The script binds hotkeys to the lookup functions. Code and data cross references are listed in the message window. While IDA includes xref.idc, the format was difficult to read quickly. The following is sample output from my_xref.idc, including a listing of the instruction it processed.

.text:030BDF13     call      dword ptr [eax+18h] ; my_xref.idc
30bdf13 [from] xrefs
    30cba25 CODE (0x13) fl_JN Jump Near
30bdf13 [to] xrefs
    NONE

The script is loaded by ida.idc. When a script is included, main does not executed but the functions are available. Thus the hotkeys are bound within ida.idc, as shown in the following bit of code.

#include <my_xrefs.idc>

static main(void) {
//
//     This function is executed when IDA is started.
//
//     Add statements to fine-tune your IDA here.
//
  AddHotkey("Shift-F7", "lookup_to_ref");
  AddHotkey("Shift-F8", "lookup_from_ref");
}

Loaders

Loaders are responsible for recognizing file formats and creating appropriate segments. Analysis is generally performed by processor modules. Loaders as the name implies only load a binary into IDA.

There are various processor modules with source code in the modules directory of the SDK. There are some publically released loaders. NSDLDR is a loader for Nintendo DS ROM files written by Dennis Elser (http://www.openrce.org/downloads/details/56/NDSLDR). The loader is relatively simple and the code is easy to follow.
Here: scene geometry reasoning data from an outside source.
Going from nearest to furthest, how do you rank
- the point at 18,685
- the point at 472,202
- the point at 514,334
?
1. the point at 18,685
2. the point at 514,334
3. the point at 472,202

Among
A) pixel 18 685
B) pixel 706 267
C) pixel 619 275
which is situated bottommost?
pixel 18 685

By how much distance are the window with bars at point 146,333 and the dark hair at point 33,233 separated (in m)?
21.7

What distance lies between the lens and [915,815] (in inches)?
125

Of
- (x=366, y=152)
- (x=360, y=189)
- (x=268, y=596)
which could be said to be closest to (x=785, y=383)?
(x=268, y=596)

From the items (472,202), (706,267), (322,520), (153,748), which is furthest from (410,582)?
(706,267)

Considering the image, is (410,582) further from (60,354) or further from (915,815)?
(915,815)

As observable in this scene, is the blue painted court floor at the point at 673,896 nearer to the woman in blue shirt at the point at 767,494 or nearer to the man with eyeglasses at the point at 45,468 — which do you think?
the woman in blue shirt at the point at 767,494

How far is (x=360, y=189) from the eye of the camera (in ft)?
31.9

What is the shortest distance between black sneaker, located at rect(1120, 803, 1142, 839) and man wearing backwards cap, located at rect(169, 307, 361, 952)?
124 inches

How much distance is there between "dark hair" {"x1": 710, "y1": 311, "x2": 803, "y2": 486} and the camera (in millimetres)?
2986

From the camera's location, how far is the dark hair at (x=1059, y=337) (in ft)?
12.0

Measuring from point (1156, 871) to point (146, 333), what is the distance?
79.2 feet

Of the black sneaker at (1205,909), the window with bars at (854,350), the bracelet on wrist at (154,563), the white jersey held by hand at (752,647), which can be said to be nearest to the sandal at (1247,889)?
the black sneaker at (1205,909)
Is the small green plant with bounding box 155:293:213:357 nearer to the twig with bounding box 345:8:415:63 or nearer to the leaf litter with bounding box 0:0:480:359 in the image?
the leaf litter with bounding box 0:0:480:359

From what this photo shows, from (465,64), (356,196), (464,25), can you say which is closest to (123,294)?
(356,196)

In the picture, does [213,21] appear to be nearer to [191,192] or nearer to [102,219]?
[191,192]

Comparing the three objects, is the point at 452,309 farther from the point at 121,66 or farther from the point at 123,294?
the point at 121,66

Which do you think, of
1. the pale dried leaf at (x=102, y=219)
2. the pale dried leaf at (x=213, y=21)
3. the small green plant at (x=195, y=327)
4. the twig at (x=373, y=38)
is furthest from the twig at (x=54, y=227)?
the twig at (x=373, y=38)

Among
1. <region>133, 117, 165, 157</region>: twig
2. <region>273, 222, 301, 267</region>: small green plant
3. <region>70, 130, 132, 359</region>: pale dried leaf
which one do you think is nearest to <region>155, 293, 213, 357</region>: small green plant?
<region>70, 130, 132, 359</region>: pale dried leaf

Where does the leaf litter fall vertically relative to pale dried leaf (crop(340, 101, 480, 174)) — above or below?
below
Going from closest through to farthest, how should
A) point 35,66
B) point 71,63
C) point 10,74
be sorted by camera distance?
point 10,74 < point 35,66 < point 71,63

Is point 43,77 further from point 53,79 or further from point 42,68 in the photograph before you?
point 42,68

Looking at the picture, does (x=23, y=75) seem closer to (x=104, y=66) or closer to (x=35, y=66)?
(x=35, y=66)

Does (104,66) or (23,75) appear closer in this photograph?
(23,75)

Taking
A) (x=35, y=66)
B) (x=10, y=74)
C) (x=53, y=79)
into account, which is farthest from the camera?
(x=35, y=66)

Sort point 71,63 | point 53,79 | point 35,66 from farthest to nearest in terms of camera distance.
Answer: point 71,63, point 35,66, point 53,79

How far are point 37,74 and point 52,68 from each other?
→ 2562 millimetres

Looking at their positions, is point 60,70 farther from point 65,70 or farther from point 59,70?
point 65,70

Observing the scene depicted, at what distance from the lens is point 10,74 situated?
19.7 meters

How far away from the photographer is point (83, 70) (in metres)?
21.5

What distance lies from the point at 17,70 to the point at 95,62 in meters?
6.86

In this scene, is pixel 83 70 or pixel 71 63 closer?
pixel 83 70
Loaders export the loader_t structure which is defined in loader.hpp.

struct loader_t
{
  ulong version;          // api version, should be IDP_INTERFACE_VERSION
  ulong flags;            // loader flags
  accept_file;            // checks the input format. Shows up in the
                          // "load file" dialog box
  load_file;              // loads file into database
  save_file;              // can create output file from database
  move_segm;              // moves segment for relocation or rebasing
  init_loader_options;    // initialize user configurable options
};

Processor Modules

Processor modules perform the actual disassembly and analysis of the binary. With over 50 families of processors already supported, most of the major CPUs are covered. However many embedded devices do not have modules yet. Smaller scale devices are built for low cost and such have simpler architectures. These devices can range from standard microcontrollers to rare and limited run chips in audio and video equipment. If there is firmware, someone is going to reverse it.
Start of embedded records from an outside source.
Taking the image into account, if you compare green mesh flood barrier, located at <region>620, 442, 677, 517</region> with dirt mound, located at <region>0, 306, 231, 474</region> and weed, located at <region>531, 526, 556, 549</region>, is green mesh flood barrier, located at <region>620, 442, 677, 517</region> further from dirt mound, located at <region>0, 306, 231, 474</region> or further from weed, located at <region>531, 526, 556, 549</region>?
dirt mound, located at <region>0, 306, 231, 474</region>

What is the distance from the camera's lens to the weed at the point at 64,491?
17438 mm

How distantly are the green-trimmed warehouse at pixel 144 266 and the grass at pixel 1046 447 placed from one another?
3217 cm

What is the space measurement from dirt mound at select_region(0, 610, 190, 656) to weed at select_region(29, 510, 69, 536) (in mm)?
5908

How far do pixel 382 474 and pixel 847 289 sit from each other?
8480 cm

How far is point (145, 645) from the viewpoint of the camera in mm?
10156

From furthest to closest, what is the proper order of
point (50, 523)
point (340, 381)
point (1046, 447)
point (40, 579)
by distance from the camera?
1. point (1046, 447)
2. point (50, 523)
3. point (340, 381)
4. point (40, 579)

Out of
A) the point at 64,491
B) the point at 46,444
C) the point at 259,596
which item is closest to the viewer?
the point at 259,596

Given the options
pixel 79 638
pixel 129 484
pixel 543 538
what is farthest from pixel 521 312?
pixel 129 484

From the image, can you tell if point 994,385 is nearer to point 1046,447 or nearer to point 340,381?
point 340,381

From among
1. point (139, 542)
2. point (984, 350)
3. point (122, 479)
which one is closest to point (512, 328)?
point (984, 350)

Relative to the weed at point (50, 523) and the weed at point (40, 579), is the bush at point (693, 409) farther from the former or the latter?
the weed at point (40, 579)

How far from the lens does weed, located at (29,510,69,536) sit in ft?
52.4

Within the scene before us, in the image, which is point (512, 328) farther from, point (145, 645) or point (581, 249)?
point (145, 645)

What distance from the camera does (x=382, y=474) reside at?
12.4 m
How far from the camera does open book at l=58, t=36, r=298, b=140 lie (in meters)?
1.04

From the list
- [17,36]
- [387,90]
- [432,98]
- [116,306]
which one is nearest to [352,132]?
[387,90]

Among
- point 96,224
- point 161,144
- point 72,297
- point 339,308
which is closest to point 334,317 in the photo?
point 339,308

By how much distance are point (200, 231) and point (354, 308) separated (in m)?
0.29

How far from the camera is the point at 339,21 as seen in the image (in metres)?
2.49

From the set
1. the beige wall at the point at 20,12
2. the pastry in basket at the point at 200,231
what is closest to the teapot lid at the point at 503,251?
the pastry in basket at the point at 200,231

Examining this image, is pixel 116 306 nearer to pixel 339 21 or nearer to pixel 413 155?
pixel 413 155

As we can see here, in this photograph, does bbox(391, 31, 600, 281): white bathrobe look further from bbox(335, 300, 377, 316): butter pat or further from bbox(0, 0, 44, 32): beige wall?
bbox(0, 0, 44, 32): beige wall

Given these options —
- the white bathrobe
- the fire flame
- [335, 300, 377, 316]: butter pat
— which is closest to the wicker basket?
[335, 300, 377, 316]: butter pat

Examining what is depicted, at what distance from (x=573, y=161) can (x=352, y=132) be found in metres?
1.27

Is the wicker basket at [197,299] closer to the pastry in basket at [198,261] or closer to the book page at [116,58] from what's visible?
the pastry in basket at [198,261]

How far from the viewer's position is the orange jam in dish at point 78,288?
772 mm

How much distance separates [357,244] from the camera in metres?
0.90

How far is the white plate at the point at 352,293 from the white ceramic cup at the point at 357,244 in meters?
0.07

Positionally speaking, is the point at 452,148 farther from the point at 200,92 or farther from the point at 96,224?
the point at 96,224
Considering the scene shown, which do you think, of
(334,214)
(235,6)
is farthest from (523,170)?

The SDK has source to many processor modules ranging from the ever popular Atmel AVR chip to the classic z80. Most of the modules use the same file naming convention for each of the main structures allowing for a compare and contrast between modules. The structures used by modules are defined in idp.hpp. The main structures are processor_t, asm_t, and instruct_t.

Perhaps writing modules to decode tiny silicon is not to your liking. Modules can and have been written for virtual machines as well. VMs are becoming more popular everywhere from embedded devices to software protections and crackmes. Whether your interest is writing a module for silicon or imaginary silicon, Rolf Rolles’ article Defeating HyperUnpackMe2 With an IDA Processor Module is a must read, Appendix B in particular. (http://www.openrce.org/articles/full_view/28)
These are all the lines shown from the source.